1. In a large (preferably cast-iron) frying pan, melt the butter over medium-high. Add the onion, season with salt and pepper, and cook, stirring occasionally, until softened, about 5 minutes. Add the garlic, cumin and chilli powder, stir to combine, and cook until fragrant, about 1 minute. Add the tomato paste and cook, stirring occasionally, until it begins to stick to the bottom of the pan and turns the colour of rust, about 2 minutes.

2. Stir in the tomatoes and both cans of beans with their liquid. Bring to a boil, then reduce to a simmer, smashing the beans lightly and stirring occasionally, until thickened, about 20 minutes. Stir in the vinegar, then season to taste with salt.

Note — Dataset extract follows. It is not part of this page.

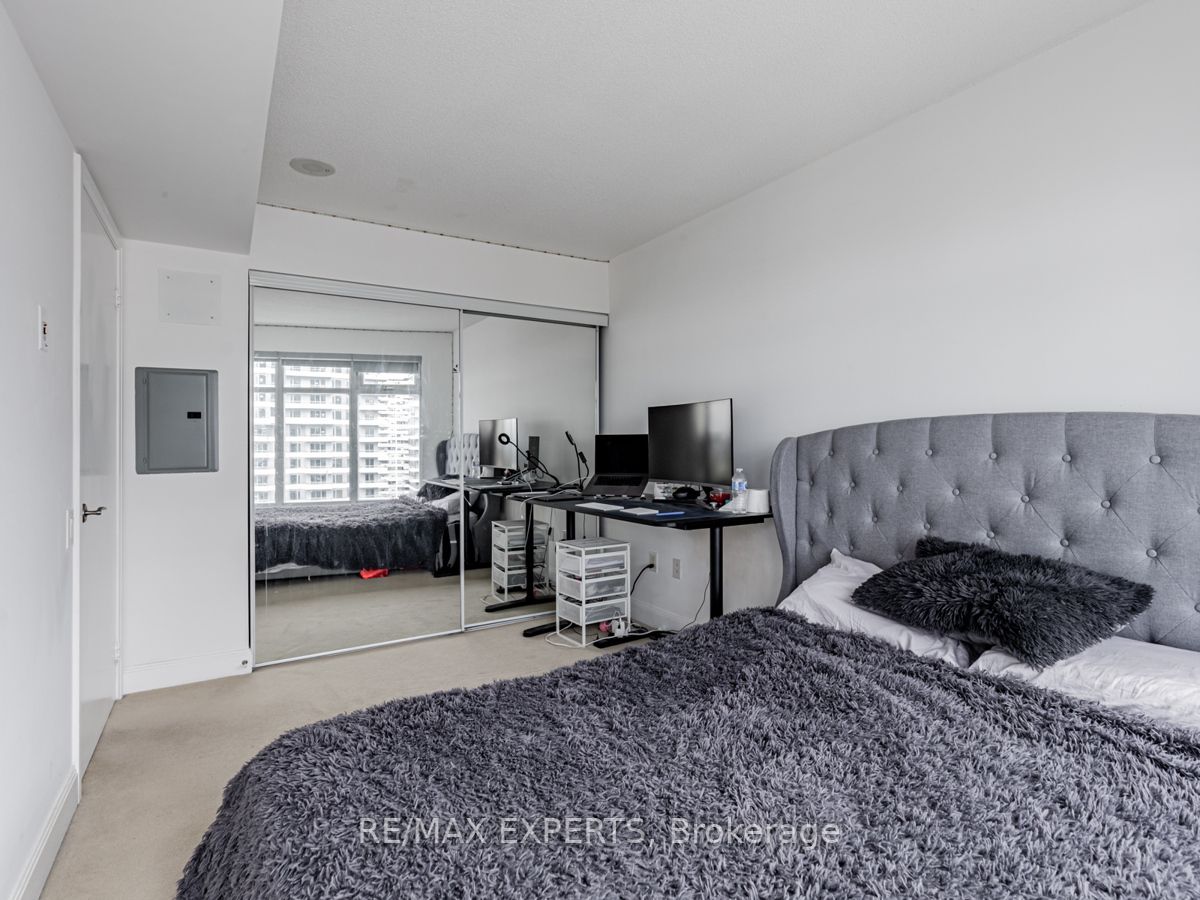 2181 Yonge St, #2212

3. Reduce the heat to low. If your chilli is thick enough, make four divots evenly spaced in the chilli and crack an egg into each divot (if the chilli is not thick enough to hold the divots, don’t worry, just crack the eggs on top). Using a fork or spoon, gently cover the whites with chilli (this helps the whites cook faster and more evenly). Season the eggs with salt and pepper, then sprinkle the chilli with cheddar. Cover and cook until the whites are set and the yolks are still runny, 5 to 7 minutes. Garnish, if desired, with coriander sprigs. Serve with tortillas, tortilla chips or tostadas alongside.

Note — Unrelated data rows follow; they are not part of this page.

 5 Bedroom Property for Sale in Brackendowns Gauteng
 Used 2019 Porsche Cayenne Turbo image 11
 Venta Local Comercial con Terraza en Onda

Glazed cod with bok choy, ginger and oyster sauce

This quick one-frying pan meal gets a boost of flavour from oyster sauce, a salty-sweet condiment made from concentrated oyster juice and soy sauce that’s often used in Chinese cooking. Here, it melds with garlic, ginger and butter to create a velvety glaze for cod fillets. If cod is unavailable, hake, striped bass or even salmon are fine substitutes. Steamed rice, soba or egg noodles are all perfect canvases for soaking up the flavourful juices.

By: Kay Chun

Serves: 4

Total time: 20 minutes

Ingredients:

3 tbsp canola oil

3 garlic cloves, thinly sliced

2 tbsp minced fresh ginger

450g baby bok choy, halved lengthwise

Salt and black pepper

60ml oyster sauce

1 tbsp low-sodium soy sauce

680g boneless, skinless cod fillets, cut crosswise into 5cm pieces

1 tbsp unsalted butter

1 tbsp lime juice

Cooked rice, soba or egg noodles, for serving

Method:

1. In a large nonstick frying pan, heat 2 tablespoons oil over medium. Add garlic and ginger and cook, stirring occasionally, until fragrant, 1 minute. Add bok choy, season with salt and pepper, and cook, stirring occasionally, until tender, about 5 minutes. Transfer to a plate.

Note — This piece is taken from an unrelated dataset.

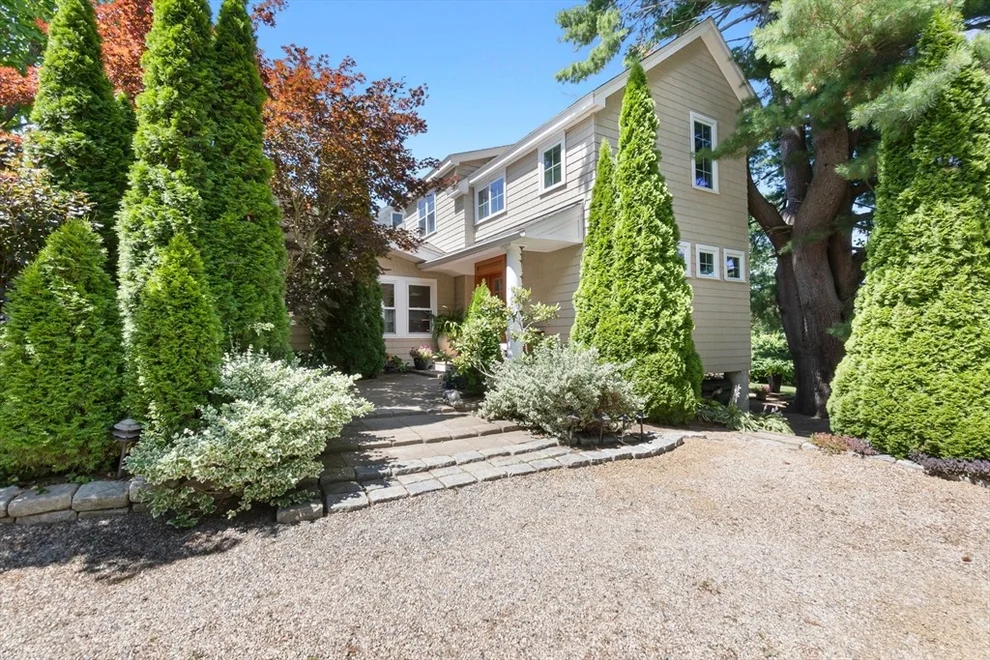 Unit for sale at 11 Beacon St, Amesbury, MA 01913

2. Add oyster sauce, soy sauce and remaining 1 tablespoon oil to the pan and bring to a simmer over medium. Season fish lightly with salt and pepper and add to pan. Simmer gently over medium-low for 5 minutes. Turn fish and simmer, spooning sauce over fish, until cooked through, about 5 minutes. Swirl in butter and lime juice and simmer over medium heat until sauce is thickened, about 2 minutes.

3. Serve fish and bok choy over rice or noodles. Drizzle with remaining sauce.